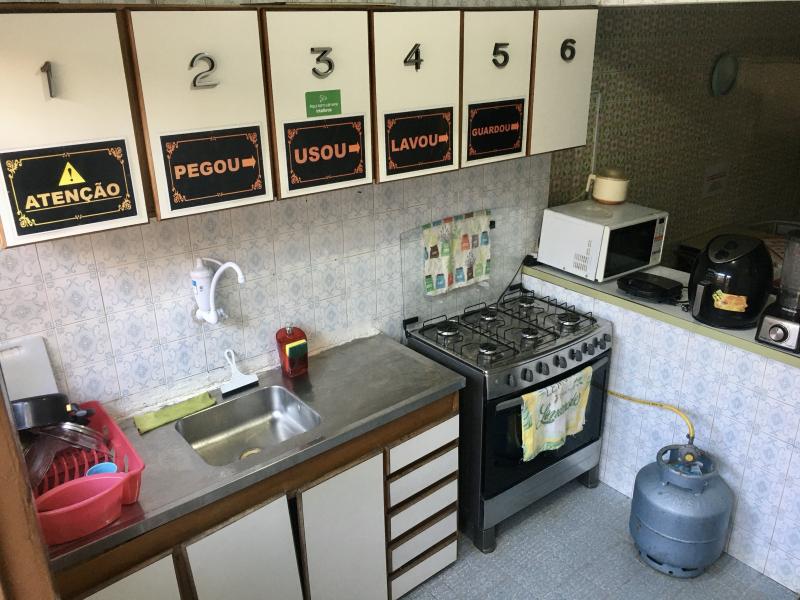 Imagem 13 da galeria do anúncio: QUARTO COMPACTO, TOTALMENTE MOBILIADO.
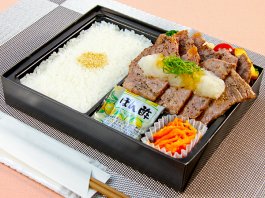 ※焼肉弁当ページ 熟成焼肉 ハンバーグ 格之進 プラチナムの黒毛和牛特上焼肉弁当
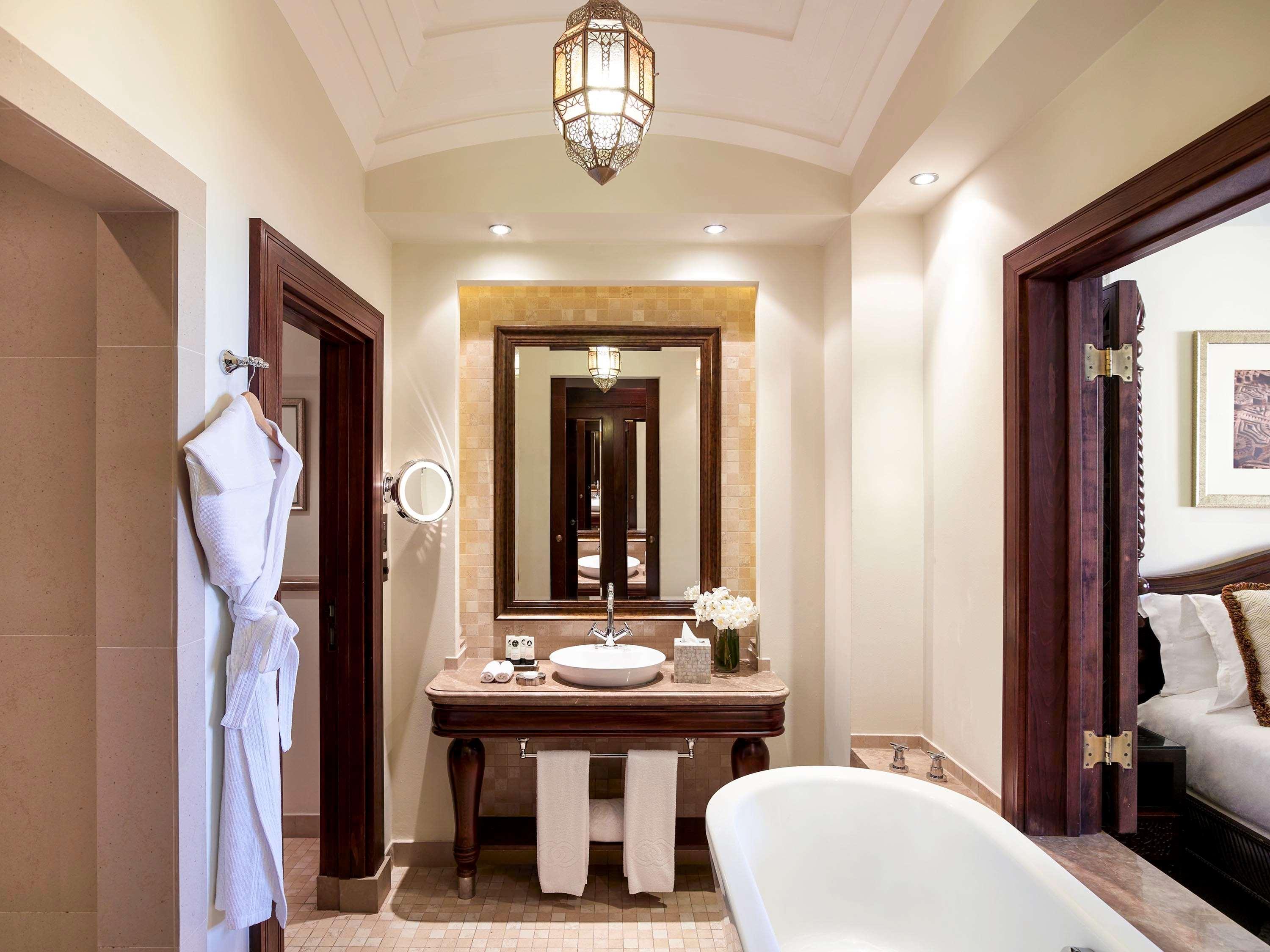 Twin Luxury Sea View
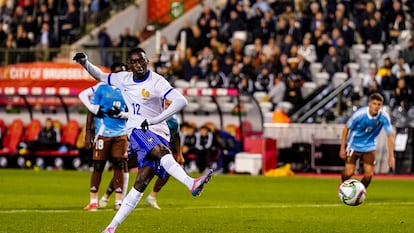 Kolo Muani anota el gol de penalti de Francia ante Bélgica, el primero de la selección gala y el primero de su cuenta.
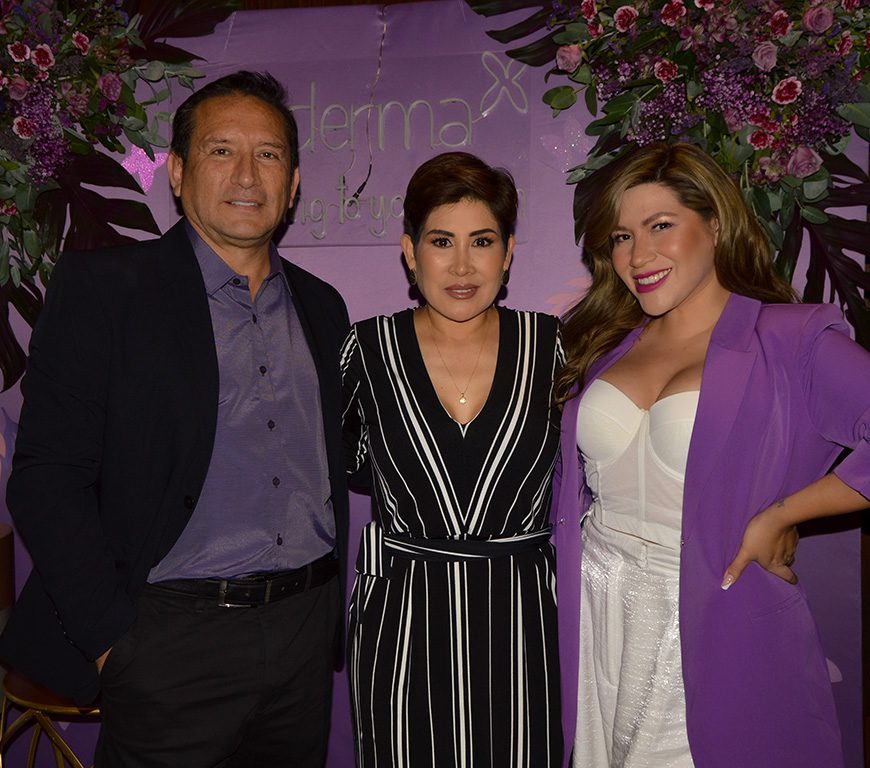 Carlos Delgado, Josaine Sanjines y Dunia Rodriguez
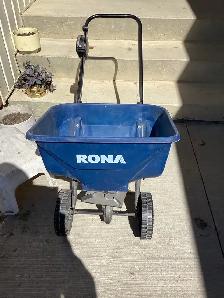 Fertilizer Spreader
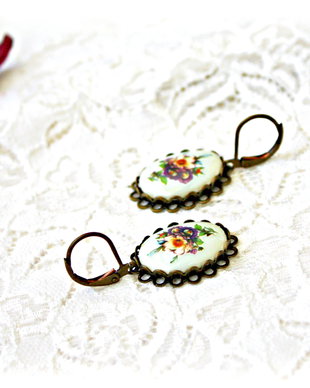 Cercei vintage de portelan cu buchet de bujori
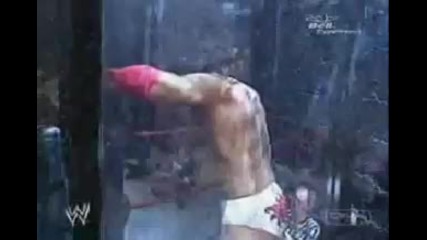 Батиста не може да отвори вратата на Elimination Chamber 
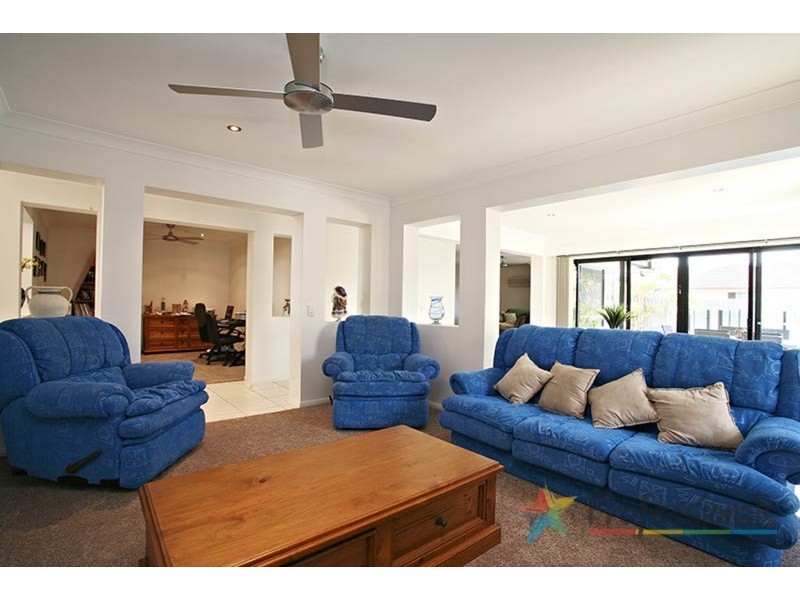 5 Cordata Court, Robina QLD 4226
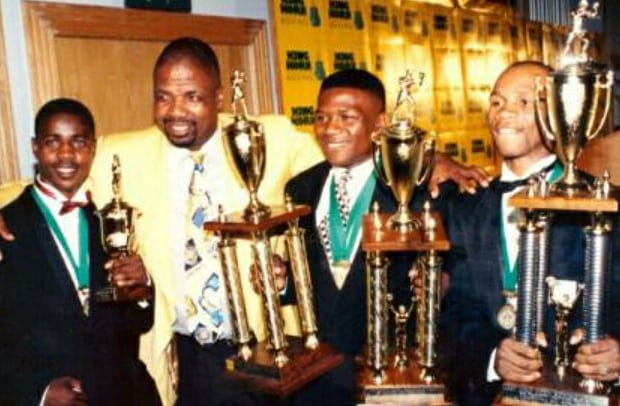 Phumla ngoxolo Jola, Ithole Lomthwakazi Ntozakuthi. Your contribution in the life of Boxing will never be forgotten. We will request approval from the president in honour of the contribution Jola made in the development of sport #PhumlangoxoloJola #easterncape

**ACTION ITEM**
Repeat the listing above verbatim, but exclude the pictures it contains.

**WRITTEN ANSWER**
 Imagem 13 da galeria do anúncio: QUARTO COMPACTO, TOTALMENTE MOBILIADO.
 ※焼肉弁当ページ 熟成焼肉 ハンバーグ 格之進 プラチナムの黒毛和牛特上焼肉弁当
 Twin Luxury Sea View
 Kolo Muani anota el gol de penalti de Francia ante Bélgica, el primero de la selección gala y el primero de su cuenta.
 Carlos Delgado, Josaine Sanjines y Dunia Rodriguez
 Fertilizer Spreader
 Cercei vintage de portelan cu buchet de bujori
 Батиста не може да отвори вратата на Elimination Chamber 
 5 Cordata Court, Robina QLD 4226
 Phumla ngoxolo Jola, Ithole Lomthwakazi Ntozakuthi. Your contribution in the life of Boxing will never be forgotten. We will request approval from the president in honour of the contribution Jola made in the development of sport #PhumlangoxoloJola #easterncape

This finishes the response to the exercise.